Dalam ayat ini, Yerobeam mengambil langkah strategis untuk mengonsolidasikan kekuasaannya di Kerajaan Utara. Ia memutuskan untuk memperkuat kota Sikhem yang terletak di pegunungan Efraim. Sikhem adalah kota kuno dengan sejarah panjang dan signifikansi geografis yang penting, menjadikannya lokasi yang ideal untuk pusat pemerintahan. Yerobeam tidak hanya menetap di sana, tetapi juga secara aktif membangun dan memperkuat pertahanannya.
Lebih lanjut, Yerobeam tidak berhenti di Sikhem. Ia melanjutkan usahanya untuk membangun dan mendirikan kota lain yang dikenal sebagai Pnuel. Nama Pnuel sendiri memiliki makna yang mendalam dalam tradisi Israel, merujuk pada pertemuan Yakub dengan Allah di tepi Sungai Yabok. Pendirian kota baru ini menandakan ambisi Yerobeam untuk menciptakan pusat-pusat kekuasaan yang independen dari Yehuda dan Yerusalem, yang merupakan simbol kekuasaan dan agama bagi Kerajaan Selatan.

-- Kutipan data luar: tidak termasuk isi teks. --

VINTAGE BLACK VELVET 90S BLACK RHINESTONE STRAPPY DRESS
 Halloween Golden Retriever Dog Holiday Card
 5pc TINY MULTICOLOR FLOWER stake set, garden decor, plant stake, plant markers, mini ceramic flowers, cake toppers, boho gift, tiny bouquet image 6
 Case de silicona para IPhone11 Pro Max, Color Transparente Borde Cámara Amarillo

Keputusan Yerobeam untuk membangun dan memperkuat Sikhem serta mendirikan Pnuel merupakan cerminan dari usahanya untuk melegitimasi pemerintahannya dan membangun identitas politik yang berbeda bagi Kerajaan Israel Utara. Langkah ini bukan hanya sekadar pembangunan fisik, tetapi juga merupakan pernyataan politik dan agama yang signifikan. Dengan membangun pusat-pusat kekuasaan baru, Yerobeam secara implisit menantang otoritas Yerusalem dan Bait Allah di sana. Tindakan ini kemudian akan mengarah pada praktik-praktik keagamaan yang menyimpang dari ajaran Taurat, seperti mendirikan patung anak lembu di Betel dan Dan, demi mencegah rakyatnya kembali ke Yerusalem untuk beribadah. Kisah ini menunjukkan bagaimana keputusan strategis para pemimpin politik dapat memiliki dampak jangka panjang yang membentuk jalannya sejarah bangsa.